But for one I praise the place, and I believe that Marian Winwood also bears it no ill-will. For we two were very happy there. We took part in the "subscription euchres" whenever we could not in time devise an excuse which would pass muster with the haggard "entertainer." We danced conscientiously beneath the pink and green icing of the ball-room's ceiling, with all three of the band playing Hearts and Flowers; and with a dozen "chaperones"—whom I always suspected of taking in washing during the winter months,—lined up as closely as was possible to the door, as if in preparation for the hotel's catching fire any moment, to give us pessimistic observal. And having thus discharged our duty to society at large, we enjoyed ourselves tremendously.
For instance, we would talk over the book I was going to write in the autumn. That was the main thing. Then one could golf, or drive, or—I blush to write it even now—croquet. Croquet, though, is a much maligned game, as you will immediately discover if you ever play it on the rambling lawn of the Chalybeate, about six in the afternoon, say, when the grass is greener than it is by ordinary, and the shadows are long, and the sun is well beneath the tree-tops of the Iron Bank, and your opponent makes a face at you occasionally, and on each side the old, one-storied cottages are builded of unusually red bricks and are quite ineffably asleep.
Or again there is always the creek to divert yourself in. Once I caught five crawfishes there, while Marian waited on the bank; and afterward we found an old tomato-can and boiled them in it, and they came out a really gorgeous crimson. This was the afternoon that we were Spanish Inquisitors…. Oh, believe me, you can have quite a good time at the Chalybeate, if you set about it in the proper way.
2
Only it is true that sometimes, when it rained, say, with that hopeless insistency which, I protest, is unknown anywhere else in the world; and when Marian was not immediately accessible, and cigarettes were not quite satisfactory, because the entire universe was so sodden that matches had to be judiciously coaxed before they would strike; and when if you happened to be writing a fervid letter to Rosalind Jemmett, let us say, the ink would not dry for ever so long:—why, it is true that in these circumstances you would feel a shade too like the wicked Lord So-and-So of a melodrama to be comfortable.
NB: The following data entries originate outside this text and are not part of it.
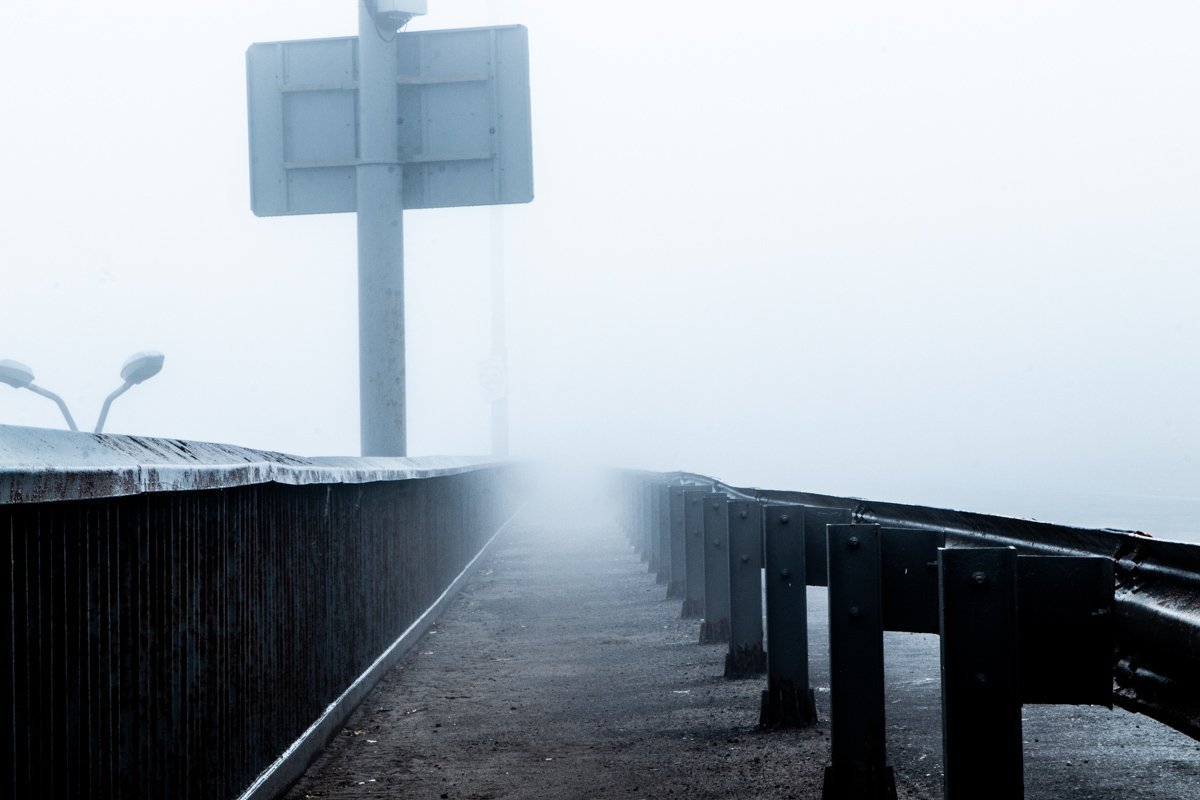 Во время тумана ходить возле проезжей части нужно осторожно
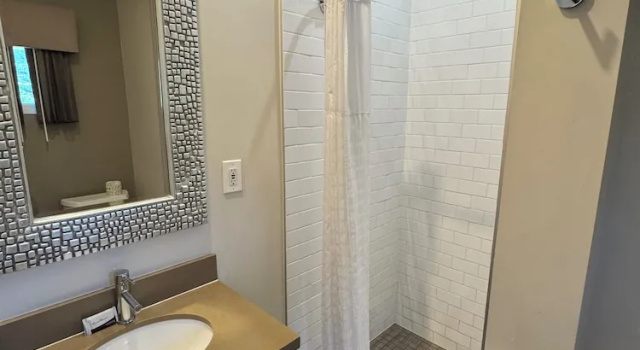Номер Deluxe Granada Inn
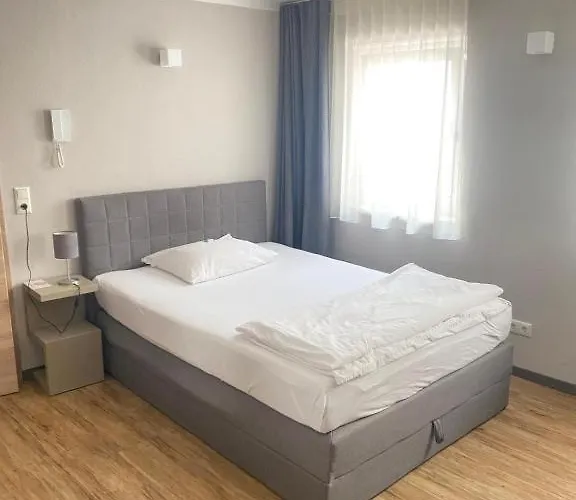 Q- Kleine Stadthotel 3*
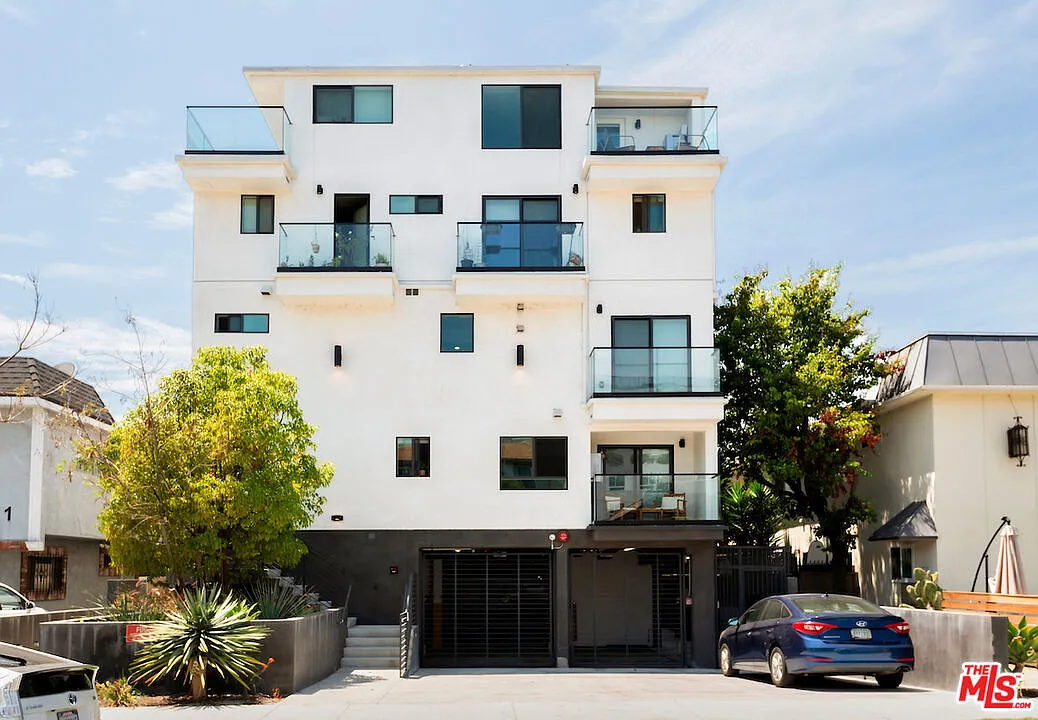 1 bed, 1.0 bath, 850 sqft, $2,995 — Photo 2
Yet even in these circumstances, reason told me that the Book was the main thing, that the girl would be thoroughly over the affair by November at latest, and that at the cost of a few inconsequent tears, she would have meanwhile immeasurably obliged posterity. And I knew that no man may ever write in perdurable fashion save by ruthlessly converting his own life into "copy," since of other persons' lives he can, at most, reproduce but the blurred and misinterpreted by-ends, by reason of almost any author's deplorable lack of omniscience. Yes, the Book was the main thing; and yet the girl—knowingly to dip my pen into her heart as into an inkstand was not, at best, chivalric….
"But the Book!" said I. "Why, I must be quite idiotically in love to think of letting that Book perish!" And I viciously added: "Confound the pretty simpleton!"…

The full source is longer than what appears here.